* _YOUR TASK_
Each line of the material must be repeated precisely, with the pictures left out.

* _INFORMATION SHOWN_
::::

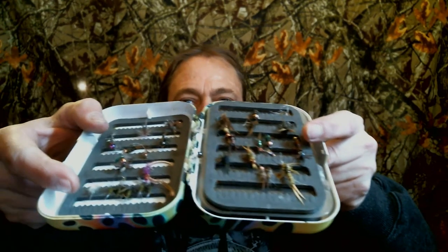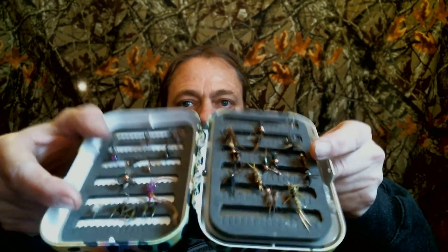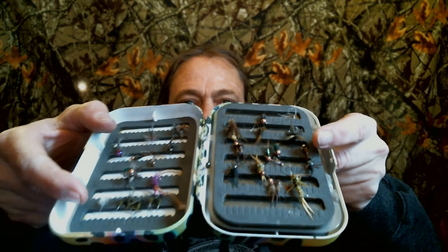These are really cool boxes. It's the end of the year, so let's look at how organized they are — these are all the flies we've been covering. We're almost at our 200th video, and this box is really cool.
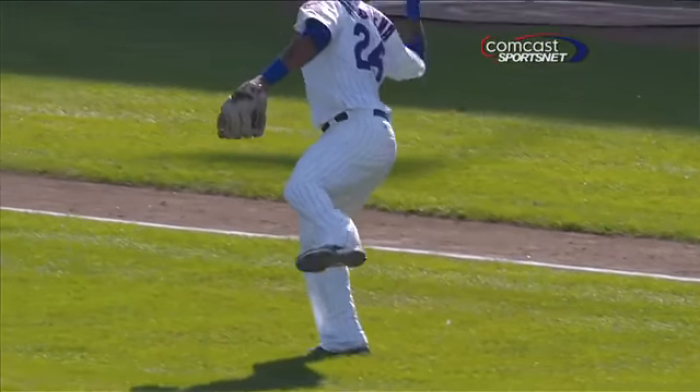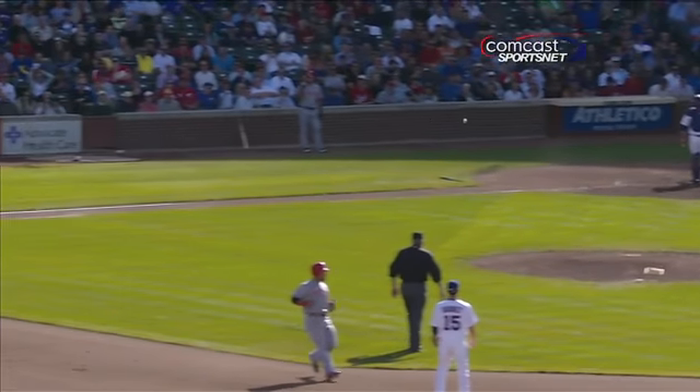Nice scoop — you could see him making the adjustment to get a good grip on that baseball as he made that last step, and then threw off balance for the out at first.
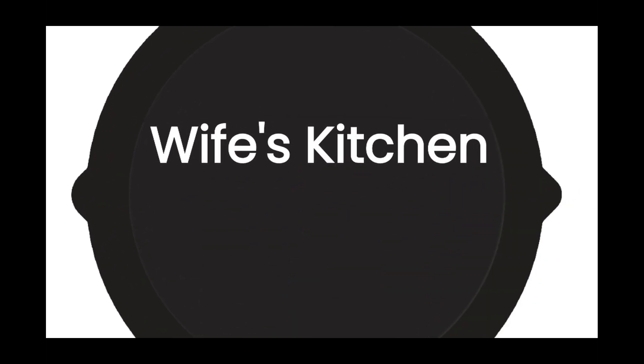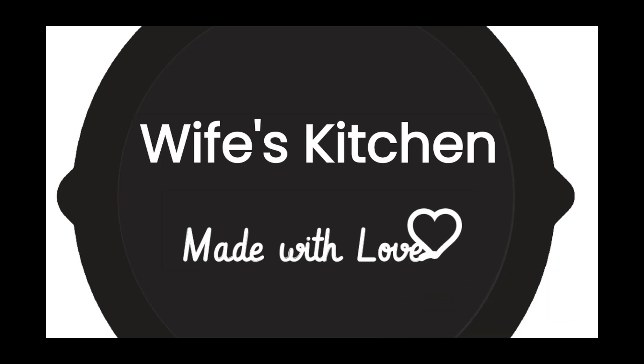Welcome to my wife's kitchen with husband's voice over. Every recipe here is made with love.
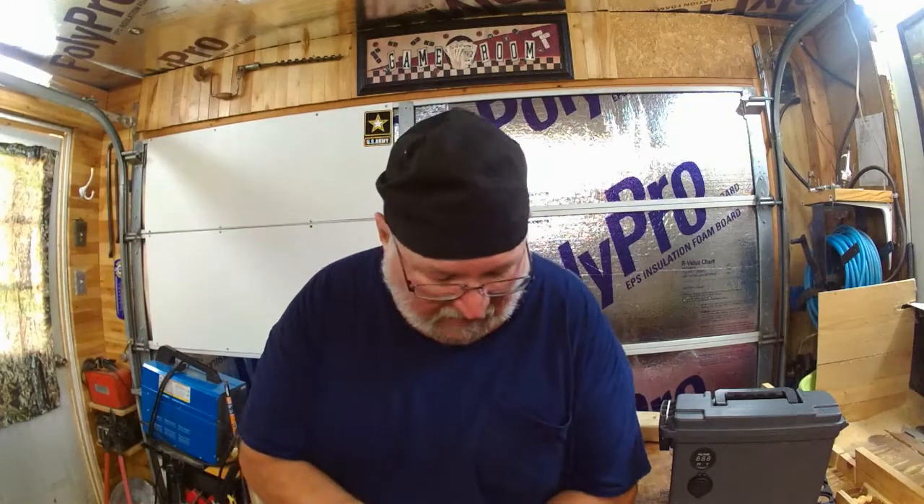I saw these solar chargers advertised on TV - you could buy these little packages to charge your phone and things up. I thought they were a good deal. I do a lot of camping, hunting in the woods, and fishing. I thought, wow, that'd be kind of cool. I can lay them on the deck, up on a deer stand, and let them charge up in the sun.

::::

* _ANSWER SPACE_
These are really cool boxes. It's the end of the year, so let's look at how organized they are — these are all the flies we've been covering. We're almost at our 200th video, and this box is really cool.
Nice scoop — you could see him making the adjustment to get a good grip on that baseball as he made that last step, and then threw off balance for the out at first.
Welcome to my wife's kitchen with husband's voice over. Every recipe here is made with love.
I saw these solar chargers advertised on TV - you could buy these little packages to charge your phone and things up. I thought they were a good deal. I do a lot of camping, hunting in the woods, and fishing. I thought, wow, that'd be kind of cool. I can lay them on the deck, up on a deer stand, and let them charge up in the sun.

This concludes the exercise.